Like nearly every job, municipal administration has seen its share of evolution, as has Enterprise. The city’s budget was less than a million dollars in 1987. Today it’s at $7.5 million.
“The job itself has changed dramatically,” said Young. “The regulations we have to be aware of and know are so much more than they used to be. It was a quite simple job back then ... you had a clean desk.”
Two things that haven’t changed –– the city’s population, which continues to hover around 2,000, and the number of city employees, 13.5 full-time equivalents.
“We used to be all about families,” Young said. “What we have now is more retirees, and the number of families has shrunk.”
Much of Young’s training has been on the job. She said she’s had excellent mentors along the way.
Dawson Neil, former public works director and uncle of Ronnie Neil, current public works director, taught about city infrastructure, while former mayor Irv Nuss left a life-long impression.
“He was a man who had a real passion for this community, and that was very important,” she said. “It impacted me.”
She has also benefitted from the tutelege of Larry Christman, current city council member, who is also a fan of Youngs.
“She’s done a great job,” said Christman, who was among the parade of people who stopped by Friday to congratulate Young. “She’s good with the public, and she knows the rules and regulations.”
“What she doesn’t know, she finds out,” added Christman, who has spent several terms on the council and as mayor.
Newly elected council member Micah Agnew said he has also benefitted from her experience.
“Even as a new resident, one of the things that stood out to me right away is how genuinely nice she was,” he said. “And now that I’m getting to work with her, I’ve discovered my first impression was accurate.”
Agnew said Young is a great person to be around, and she has “a deep love for this community.”
Looking back over her tenure, Young said she belives the city has done its job well.
“I’m most proud of the fact that we are proactive and keep our citizens informed,” she said. “The city council here has work hard over the years in keeping things moving forward.”
She pointed to a large water improvement project completed recently.

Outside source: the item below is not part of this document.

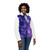 Ethereal Sphere Cascade - Women’s Puffer Jacket (AOP)
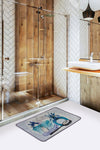 Tappetino per bagno Lavanda Multicolore, 40 x 60 cm (1)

“I remember a day when we had to put people on water days because there was not enough water,” she said. “Today we have two reservoirs, we have twice the number of hydrants and good water pressure.”
With a price tag of around $5 million, the project wasn’t without its controversies. But Young says that’s part of the territory in municipal government.
Coming on the heels of a major sewer plant expansion, Young said the water project had its critics, most of whom were concerned about a hike in rates.
“But we played it out, and I think most people are happy with the result, especially those who had bad water pressure,” she said.
There was even an effort to recall the city council, she said.
Despite the controversies over 30 years, Young said she doesn’t have enemies and plans to keep it that way.
“It’s okay to disagree,” she added.
Enterprise City Administrator Michele Young said she has enjoyed her 30 years on the job.
A congratulatory sign for Enterprise City Administrator Michele Young appeared on the doorway to city hall Friday.